─── MATERIALS PROVIDED

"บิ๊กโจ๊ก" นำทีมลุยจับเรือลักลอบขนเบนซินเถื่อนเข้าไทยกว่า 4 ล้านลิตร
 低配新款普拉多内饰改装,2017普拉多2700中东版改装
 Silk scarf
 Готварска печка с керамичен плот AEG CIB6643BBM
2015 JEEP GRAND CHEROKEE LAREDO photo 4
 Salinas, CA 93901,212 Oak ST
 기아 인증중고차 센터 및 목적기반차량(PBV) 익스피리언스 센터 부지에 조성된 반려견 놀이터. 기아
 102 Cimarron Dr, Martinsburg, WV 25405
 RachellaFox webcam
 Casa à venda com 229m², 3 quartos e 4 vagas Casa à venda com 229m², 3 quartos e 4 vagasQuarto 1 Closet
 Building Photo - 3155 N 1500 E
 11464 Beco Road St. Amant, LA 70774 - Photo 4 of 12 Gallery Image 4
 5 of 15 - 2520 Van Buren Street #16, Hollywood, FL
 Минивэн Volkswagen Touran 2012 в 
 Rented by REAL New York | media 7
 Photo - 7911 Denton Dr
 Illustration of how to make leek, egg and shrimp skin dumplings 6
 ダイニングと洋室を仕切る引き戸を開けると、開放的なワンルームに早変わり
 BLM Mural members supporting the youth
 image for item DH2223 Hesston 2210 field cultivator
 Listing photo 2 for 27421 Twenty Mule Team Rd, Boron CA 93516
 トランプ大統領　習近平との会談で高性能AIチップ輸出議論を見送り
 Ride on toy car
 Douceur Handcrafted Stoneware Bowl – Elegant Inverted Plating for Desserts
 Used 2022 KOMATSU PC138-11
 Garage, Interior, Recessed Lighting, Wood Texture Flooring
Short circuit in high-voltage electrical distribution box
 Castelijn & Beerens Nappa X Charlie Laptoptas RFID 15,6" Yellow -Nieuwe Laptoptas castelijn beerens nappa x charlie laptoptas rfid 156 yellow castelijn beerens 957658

──────

§ **YOUR TASK**
Only one span is wanted. It runs from the first line of the listing through the line with "Building Photo - 3155 N 1500 E", and each line must match exactly.

§ **RESULT**
"บิ๊กโจ๊ก" นำทีมลุยจับเรือลักลอบขนเบนซินเถื่อนเข้าไทยกว่า 4 ล้านลิตร
 低配新款普拉多内饰改装,2017普拉多2700中东版改装
 Silk scarf
 Готварска печка с керамичен плот AEG CIB6643BBM
2015 JEEP GRAND CHEROKEE LAREDO photo 4
 Salinas, CA 93901,212 Oak ST
 기아 인증중고차 센터 및 목적기반차량(PBV) 익스피리언스 센터 부지에 조성된 반려견 놀이터. 기아
 102 Cimarron Dr, Martinsburg, WV 25405
 RachellaFox webcam
 Casa à venda com 229m², 3 quartos e 4 vagas Casa à venda com 229m², 3 quartos e 4 vagasQuarto 1 Closet
 Building Photo - 3155 N 1500 E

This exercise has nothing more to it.